Although bulk transcriptomics is well established as a way of classifying CRC patients, the more fine-grained single-cell analysis could potentially support even more precise stratification.
“Using the data from our study, we found that our single-cell signatures were able to classify patients more accurately, enabling an improved prognosis of how likely they are to survive over a five-year window. The tumour microenvironment is critical to the biological behaviour of cancers. Using the technologies in our study, we have elucidated, identified and characterised different cell populations that comprise the tumour microenvironment and are now moving to further studies to experimentally characterise the interactions between these cells,” said co-corresponding author, Dr Iain Tan, Senior Consultant, Medical Oncologist at NCCS and clinician scientist at the GIS.

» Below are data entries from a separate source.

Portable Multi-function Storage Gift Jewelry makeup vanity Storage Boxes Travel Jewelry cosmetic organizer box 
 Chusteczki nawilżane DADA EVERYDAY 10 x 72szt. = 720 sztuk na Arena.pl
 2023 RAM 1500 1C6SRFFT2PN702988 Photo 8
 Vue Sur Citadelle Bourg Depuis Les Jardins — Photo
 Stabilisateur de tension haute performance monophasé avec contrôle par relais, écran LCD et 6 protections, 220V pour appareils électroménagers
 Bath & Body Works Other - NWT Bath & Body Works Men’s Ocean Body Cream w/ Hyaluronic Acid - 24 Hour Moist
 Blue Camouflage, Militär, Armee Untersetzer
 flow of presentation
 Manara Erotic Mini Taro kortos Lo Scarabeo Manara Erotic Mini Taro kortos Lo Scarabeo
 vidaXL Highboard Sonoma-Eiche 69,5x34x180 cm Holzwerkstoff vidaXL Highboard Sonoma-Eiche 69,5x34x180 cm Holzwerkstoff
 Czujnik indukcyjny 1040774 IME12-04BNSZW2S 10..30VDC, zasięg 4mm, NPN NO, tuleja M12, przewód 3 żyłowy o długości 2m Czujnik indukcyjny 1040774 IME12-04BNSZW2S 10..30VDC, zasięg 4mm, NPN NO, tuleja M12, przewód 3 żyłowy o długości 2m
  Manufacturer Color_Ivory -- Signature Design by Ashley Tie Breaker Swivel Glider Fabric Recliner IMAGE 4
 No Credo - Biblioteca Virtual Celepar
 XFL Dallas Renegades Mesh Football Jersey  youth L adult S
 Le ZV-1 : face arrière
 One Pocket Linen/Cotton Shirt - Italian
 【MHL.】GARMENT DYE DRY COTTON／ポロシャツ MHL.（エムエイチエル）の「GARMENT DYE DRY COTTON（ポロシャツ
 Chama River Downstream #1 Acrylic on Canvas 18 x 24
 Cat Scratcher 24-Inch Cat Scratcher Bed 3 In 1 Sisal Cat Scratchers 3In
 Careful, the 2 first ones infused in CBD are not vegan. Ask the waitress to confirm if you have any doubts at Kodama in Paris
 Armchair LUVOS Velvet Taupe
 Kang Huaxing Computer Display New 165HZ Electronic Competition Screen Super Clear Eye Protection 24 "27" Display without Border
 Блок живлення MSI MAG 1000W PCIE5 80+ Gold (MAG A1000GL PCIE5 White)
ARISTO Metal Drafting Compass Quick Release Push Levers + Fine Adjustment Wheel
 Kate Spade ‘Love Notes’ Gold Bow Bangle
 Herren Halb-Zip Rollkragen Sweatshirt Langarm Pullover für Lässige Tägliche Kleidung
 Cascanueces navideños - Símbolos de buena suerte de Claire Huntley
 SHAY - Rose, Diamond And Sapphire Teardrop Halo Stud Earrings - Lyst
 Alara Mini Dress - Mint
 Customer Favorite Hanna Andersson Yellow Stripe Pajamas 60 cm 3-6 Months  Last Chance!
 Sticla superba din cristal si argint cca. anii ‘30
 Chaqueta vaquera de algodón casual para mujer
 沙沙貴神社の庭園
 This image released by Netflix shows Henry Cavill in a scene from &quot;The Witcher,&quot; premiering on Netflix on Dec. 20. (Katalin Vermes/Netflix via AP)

GIS Executive Director Prof Ng Huck Hui added, “This is a first step towards understanding how patients with the same diagnosis are actually very different. We hope methods like RCA can be used to obtain a more accurate prognosis of patient survival rate and help us understand why the patients’ prognoses are different from one another. This will eventually lead to individualised and more targeted treatments for these different, further stratified groups of patients.”
Targeting to reach a million single-cell transcriptomes, the research team will next scale up and expand their research by applying single-cell analyses to other domains, such as lung cancer, leukemias, ageing tissues and host response to infection.